Please ask Kathy when she services my room to make sure the stacks are neatly piled and dusted. Also, please advise her that stacks of more than 4 have tendency to tip. May I suggest that my bedroom window sill is not in use and will make an excellent spot for future spot deliveries. One more item, I have purchased another bar of bath-sized Dial which I am keeping in the hotel vault in order to avoid further misunderstandings.

S. Berman

End of CASE ONE

I found the case quite amusing, couldn't stop laughing and lost my initial focus and purpose; which was to study for my examination paper.
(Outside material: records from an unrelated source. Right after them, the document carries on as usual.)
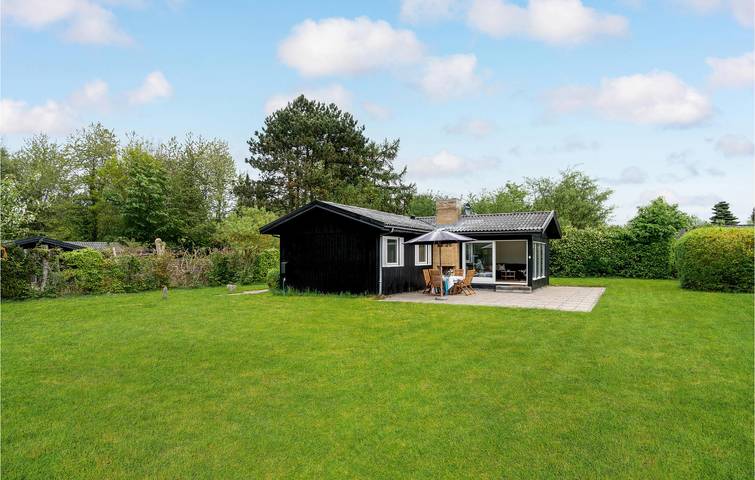 Ferienhaus für 6 Personen mit Garten in Hornbæk, Kattegat Küste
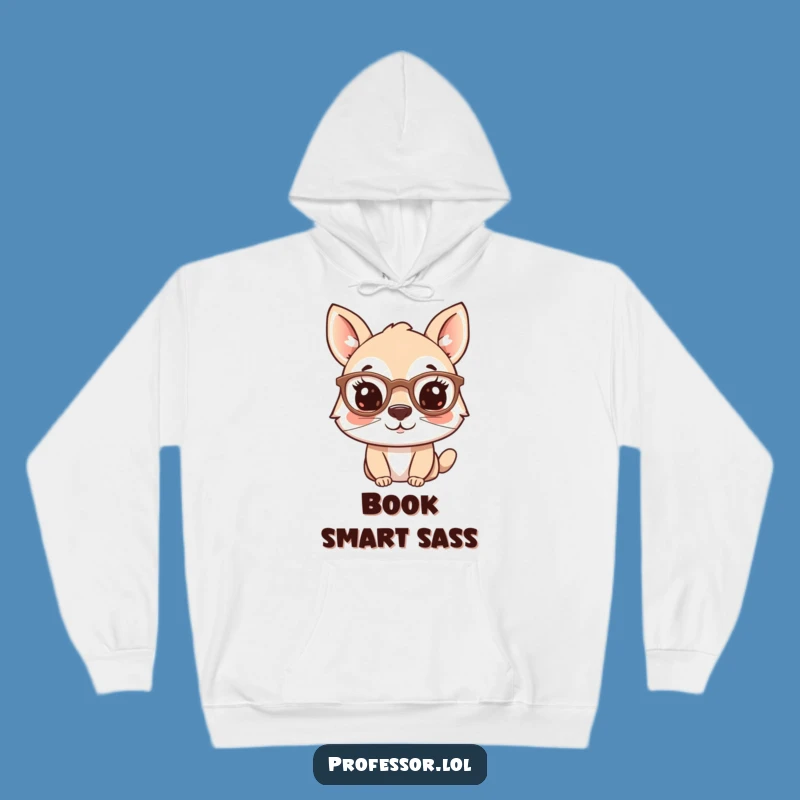 Funny Intellectual Animal Hoodie - Cozy & Clever Sweatshirt, Funny Gift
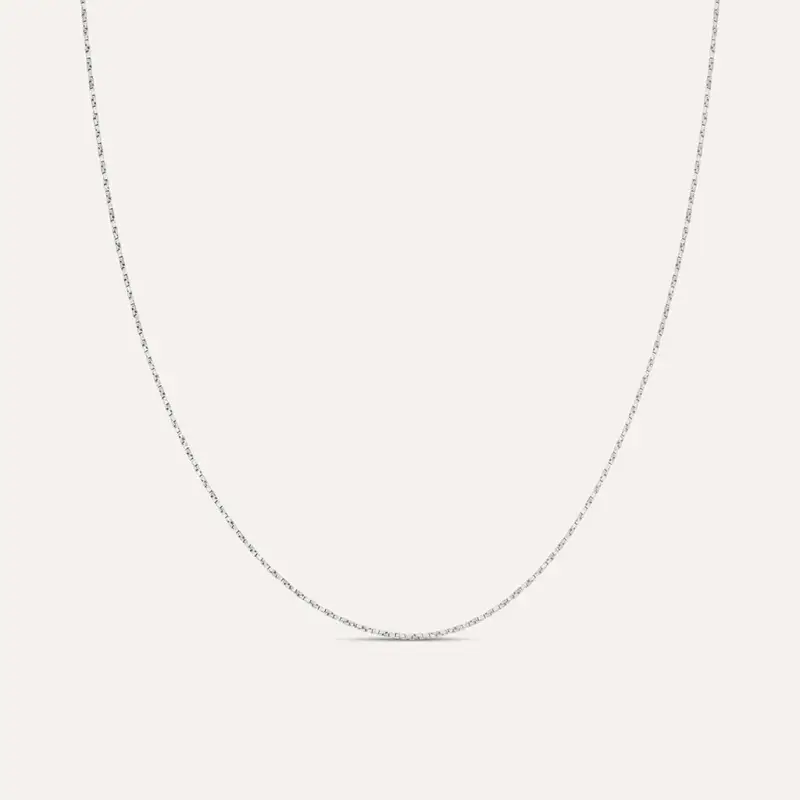 Catenina Silver Collection Argento Rodiato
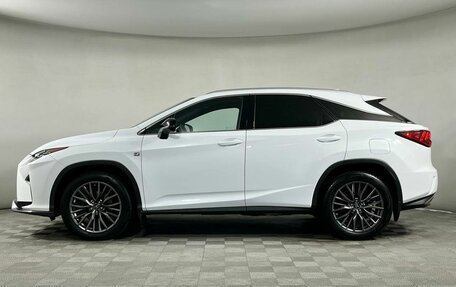 Lexus RX IV рестайлинг, 2018 год, 2 900 000 рублей, 3 фотография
Next.

CASE TWO: Yet another hotel conversation

Morny, rune sore-bees.
Oh sorry, I thought I dialed room service.

Rye. Rune sore-bees. Morny. Jewish to odor sunteen?
Yes, order something. This is room thirteen-on-five. I want...

Okay, torino-fie. Yes plea?
I'd like some bacon and eggs.

Ow July then?
What?

Aches. Ow July then? Pry, boy, pooch...?
Oh, the eggs! How do I like them? Sorry. Scrambled, please.

Ow July thee baycome? Crease?
Crisp will be fine.

Okay. An Santos?
What?

Santos. July Santos?
Uh...I don't know...I don't think so.

No? Judo one toes?
Look. I really feel bad about this, but I just don't know what judo-one-toes means. I'm sorry...

Toes! Toes! Why Jew Don Juan toes? Ow bow eenlish mopping we bother?
English muffin! I've got it! You were saying toast! Fine. An English muffin will be fine.

We bother?
No. Just put the bother on the side.

Wad?
I'm sorry. I meant butter. Butter on the side.

Copy?
I feel terrible about this but...

Copy. Copy, tea, mill...
Coffee! Yes, coffee please. And that's all.

One Minnie. Ass rune torino-fie, strangle-aches, crease baycome, tossy eenlish mopping we bother honey sigh, and copy. Rye?
Whatever you say.

Okay. Tenjewberrymud.
You're welcome.

I just felt like hot pressing this in my mind. Maybe I sound like that when speaking a foreign language. Hope not. Well so far I haven't got hotel problems, thank goodness, except in places where the hotel staff's level of English proficiency is suspect. Right now the most difficult consonant for me is 'r', as in the French 'r' or Portuguese 'r' in double 'r' or preceding 'r'. Man I hate R...although I can rattle R off like a rattlesnake due to my Indonesian, these Europeans' nasal/throaty/whatever 'R' really does take practice. Hey, actually I noticed that I really don't fancy R in most word endings. Remember the -oR ending stress tags? What's wrong with me? Probably I ate too many 'R' shaped alpha bit cereals.